Outcry regarding the University’s response to sexual violence was sparked in part by a recently reported rape on campus, which followed a similar report on Aug. 9. The University has since temporarily increased campus security.
But some student activists say that Stanford’s security response suggests an attempt by administrators to insulate the University’s campus from outside threats, while the administration turns a blind eye to preventing misconduct perpetrated by people, including faculty, who have designated responsibilities and spaces within the University.
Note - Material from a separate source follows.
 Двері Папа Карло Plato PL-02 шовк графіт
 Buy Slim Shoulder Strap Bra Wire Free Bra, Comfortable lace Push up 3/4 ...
“We are missing the elephant in the room, which is, how are we going to address these assaults within the faculty ranks in our community?” said Graduate Student Council (GSC) Co-Chair Emily Schell, a fifth-year Ph.D. student in Development and Psychological Sciences.
Schell described the issue of faculty sexual midconduct as a particularly acute concern for graduate students, given the power dynamics at work within the advisor-advisee relationship. Several graduate students in the DLCL told The Daily that Barletta’s behavior had caused them to redirect their academic trajectories.
“This is not about one person’s career. This is about all of our careers,” said Jon Tadmor, a first-year Ph.D. student in Comparative Literature who learned about the allegations against Barletta from The Daily’s reporting before he arrived at Stanford.
According to Schell, the GSC is working on a resolution related to sexual violence, in part to encourage the Faculty Senate to talk about the University’s response to Barletta’s behavior.
The University has not publicly acknowledged the allegations against Barletta.